消費者庁は、2024年4月18日、電子たばこを販売する通信販売業者である(株)HAL(本店所在地:沖縄県那覇市)と同社の代表取締役座波長に対して、特定商取引法違反で3カ月間の業務停止(禁止)を命じました。
誇大広告(12条)+最終確認画面の表示義務違反(12条の6第1項)を適用条項とした法執行が、今年3月15日の(株)サン、4月9日の(株)オルリンクス製薬に続き、今回で3事案目となります。
誇大広告については、「メーカー希望小売価格」による二重価格表示が有利誤認の認定となりました。
他方、最終確認画面の表示義務違反については、定期購入契約の申込みの撤回又は解除に関する事項を表示していなかったことが違反認定されています。
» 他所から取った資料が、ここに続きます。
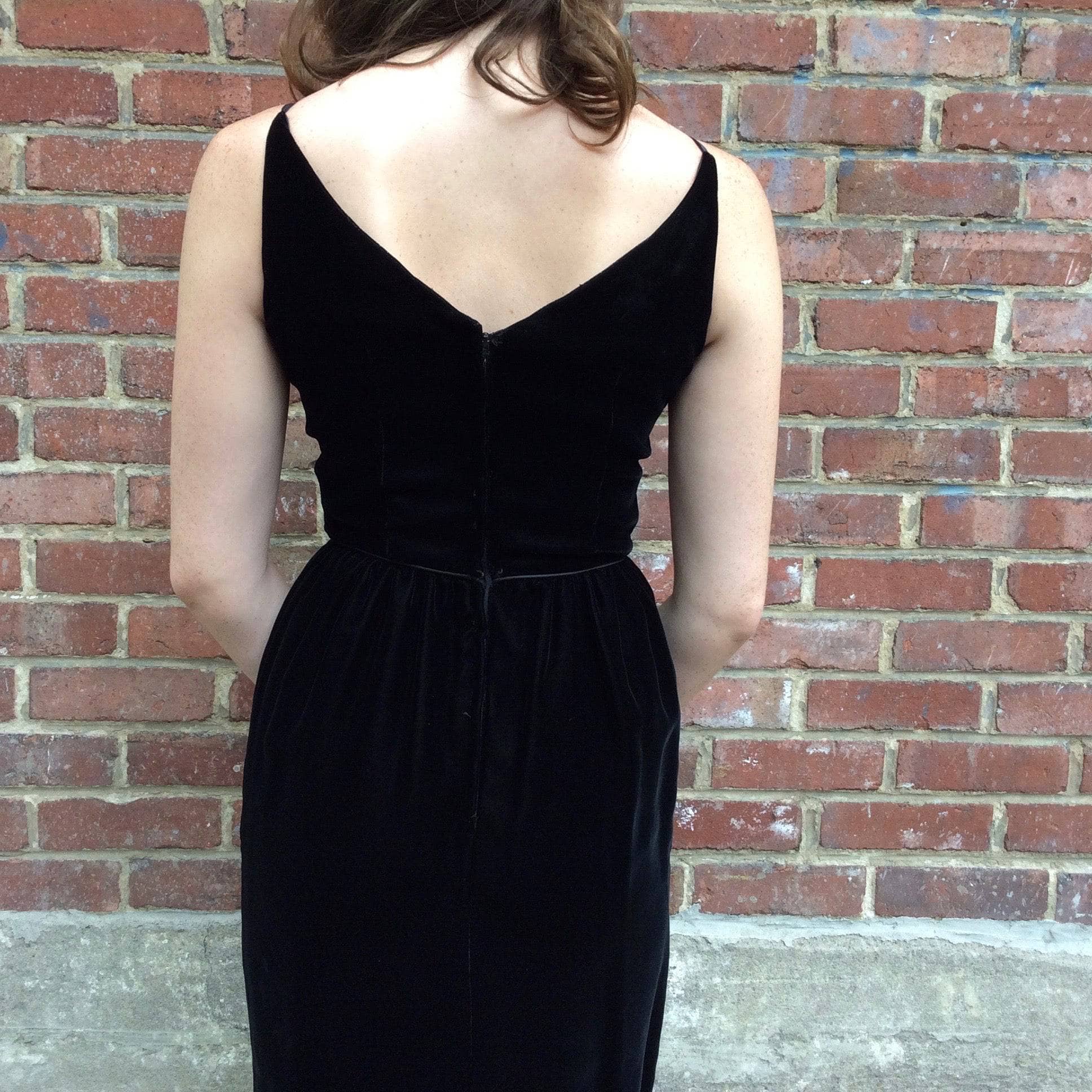 Back view of 1950s/1960s Black Velvet Sleeveless Cocktail Dress Size Small sold by bohemevintage.com Montréal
「定期購入」に関するトラブルでは、化粧品、健康食品が8割以上を占めていますが、2021年度あたりから化粧品、健康食品以外にも電子タバコや医薬品など、他の商品にも広がりを見せています。

《参考記事》
・2023年度「定期購入」トラブル、特商法改正後も減少せず。法改正後の処分件数、2件に留まる

処分の内容と、「希望小売価格」などを比較対照価格とする二重価格表示についてチェックしておきましょう。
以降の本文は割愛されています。